ペレの伝記映画の公開にちなみ、現代の迷えるブラジルが復活するためのヒントを探るために、ペレの時代のブラジルを振り返る連載の第2回。所属するサントスでメキメキと頭角を表わしたペレは、17歳にしてセレソンの一員としてワールドカップに挑むことになる。~第2回(全3回連載)

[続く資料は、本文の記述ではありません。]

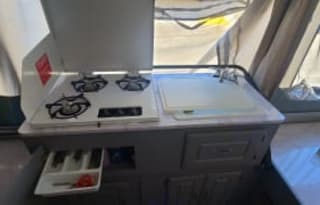 Sunny Camper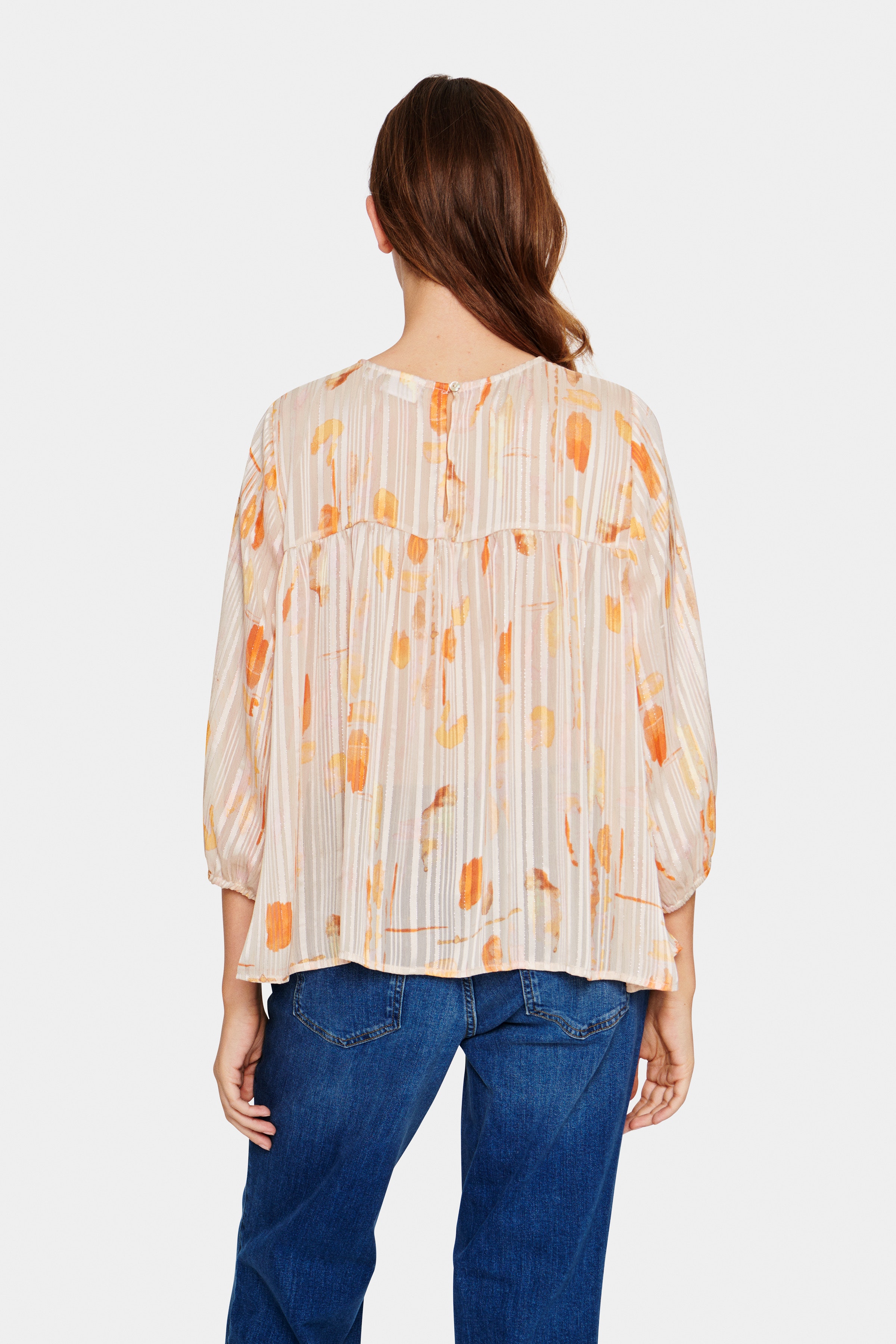 TrinaSZ Blouses LOOKBOOK BACK 30512438-301912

われわれはなぜ映画「ペレ~伝説の誕生」に魅せられるのか?


 ブラジルが悲しみに打ちひしがれ、サッカー界が自信を失った時、ひとりの少年が強い決意を固めた。
 
「いつか絶対、僕がブラジルをW杯で優勝させるから!」
 
 自国開催のワールドカップ、決勝リーグ最終戦でブラジルがウルグアイに逆転負けした時、1940年10月23日生まれのエドソン・アランテス・ド・ナシメントはまだ9歳だった。
 
 家族には「ジッコ」と呼ばれたエドソン少年は、教育を重視する厳格な母親の目を盗んでサッカーに没頭。元プロ選手の父ドンジーニョからサッカーの技術、そしてブラジル・サッカーの“真髄”を教え込まれ、草サッカーのなかで、子どもとは思えない技を披露するようになった。
 
 好きだったサッカー選手「ビレ」をうまく発音できず、「ペレ」と言ったことを皆にからかわれ、自身がそのニックネームで呼ばれるようになるが、エドソン少年はこれを嫌がり、それが原因で喧嘩に発展することもしばしばあった。
 
 しかし、本人の希望とは裏腹に、その類稀なサッカーの才能は、「ペレ」という名とともに世間に広く知られていくこととなる。
 
 人生の転機が訪れたのは15の時。父の友人でもあるヴァルデマール・デ・ブリトの仲介により、サンパウロ近郊の街のプロクラブ、サントスに入団することとなったのだ。
 
 長く過ごしたバウルの街をひとり後にし、サントスで寮生活に入ったペレは、ユースチームで、競技としてサッカーを学び、苦労しながらも組織プレーを学んでいく。すると、リザーブチームを経て、早くもトップチームでプレーする機会が巡ってきた。
 
 56年9月7日、コリンチャンスとの親善試合だ。ここで、15歳の少年は早くもゴールを決め、戦力として認知されるようになる。
 
 さらに57年、サンパウロ州選手権に出場していきなり得点王となる。キャリアのなかで11回も獲得することになるタイトルを、16歳で初めて手にしたペレは、同年4月にサントスと正式に契約を結んだ。
 
 ペレの才能は、多岐にわたっていた。まだ発育途中でありながら、その身体能力は非常に高く、また均整が取れていた。171センチと決して身長は高くないものの、その優れた跳躍力で空中戦にも強く、脚力、走力もあり、当たり負けしない強さも有していた。
 
 そして何より、幼い頃から空き地や道路で培った高度なテクニック、創造性、即興性はトップレベルでも相手選手を驚かせ、見る者を魅了した。
 
 58年に早くも2度目のサンパウロ選手権得点王となった彼は、サントスの先輩、ジト、ペペ、ジウマールらとともに、58年スウェーデン・ワールドカップの出場メンバーに選出された。
 
 ペレがいかに神童だったとはいえ、これはブラジル国民にとって、そして何よりペレ自身にとってビッグサプライズだった。